-- DATA EXTRACT follows --

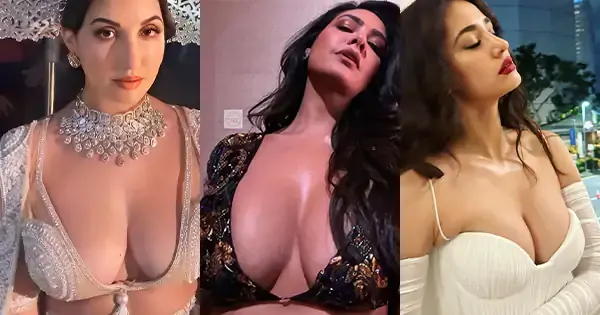 9 best busty displays of Bollywood – Indian actresses who flaunted ample cleavage.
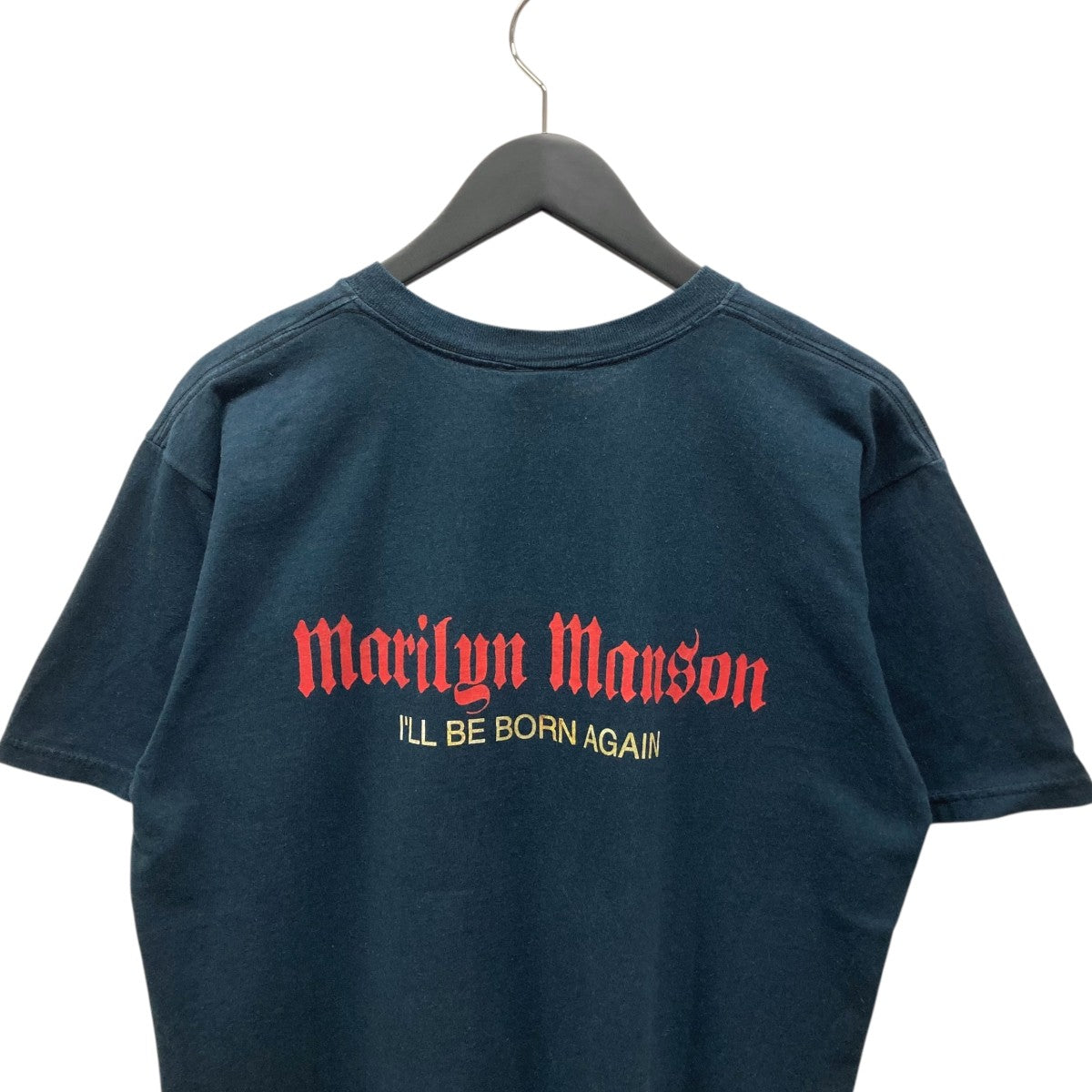 GIANT 00sMARILYN MANSON半袖Tシャツ 古着・中古-4枚目のアイテム画像
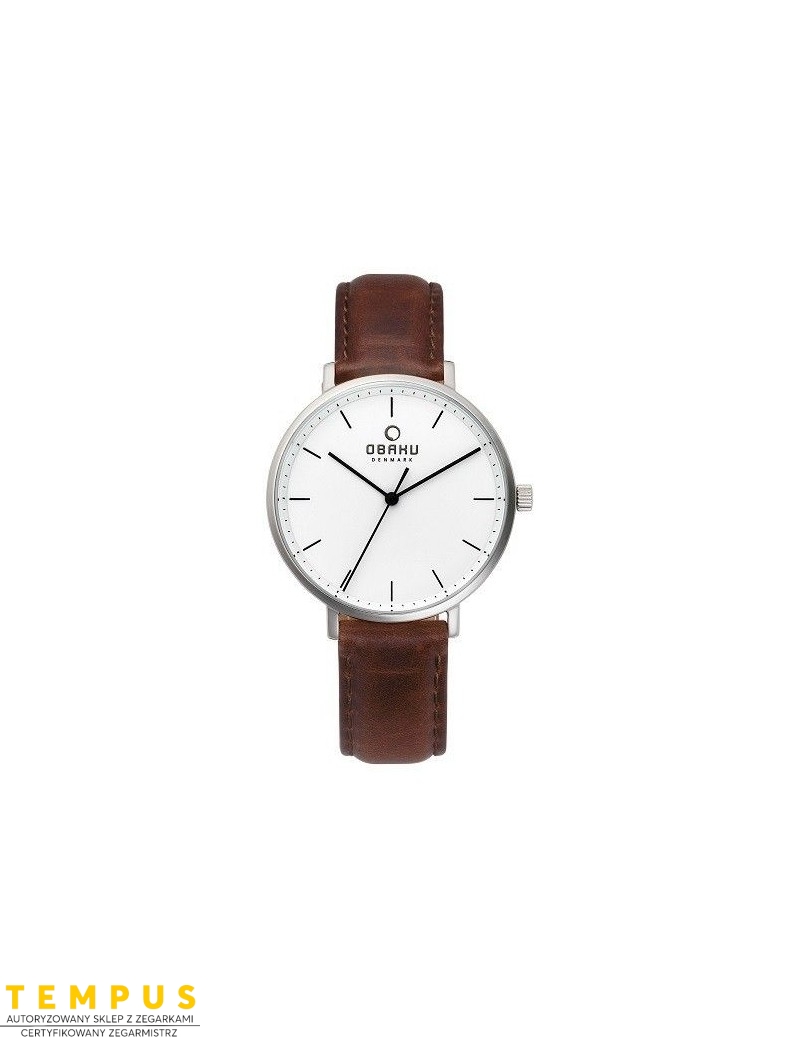 Zegarek klasyczny damski Obaku Denmark V186LXCWRN - Zegarki OBAKU Zegarek klasyczny damski Obaku Denmark V186LXCWRN - Zegarki OBAKU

-- DATA EXTRACT concluded --

### WHAT THIS TASK INVOLVES
Restate the material above word for word, so that nothing changes except that the pictures are gone.

### EXERCISE OUTPUT
 9 best busty displays of Bollywood – Indian actresses who flaunted ample cleavage.
 GIANT 00sMARILYN MANSON半袖Tシャツ 古着・中古-4枚目のアイテム画像
 Zegarek klasyczny damski Obaku Denmark V186LXCWRN - Zegarki OBAKU Zegarek klasyczny damski Obaku Denmark V186LXCWRN - Zegarki OBAKU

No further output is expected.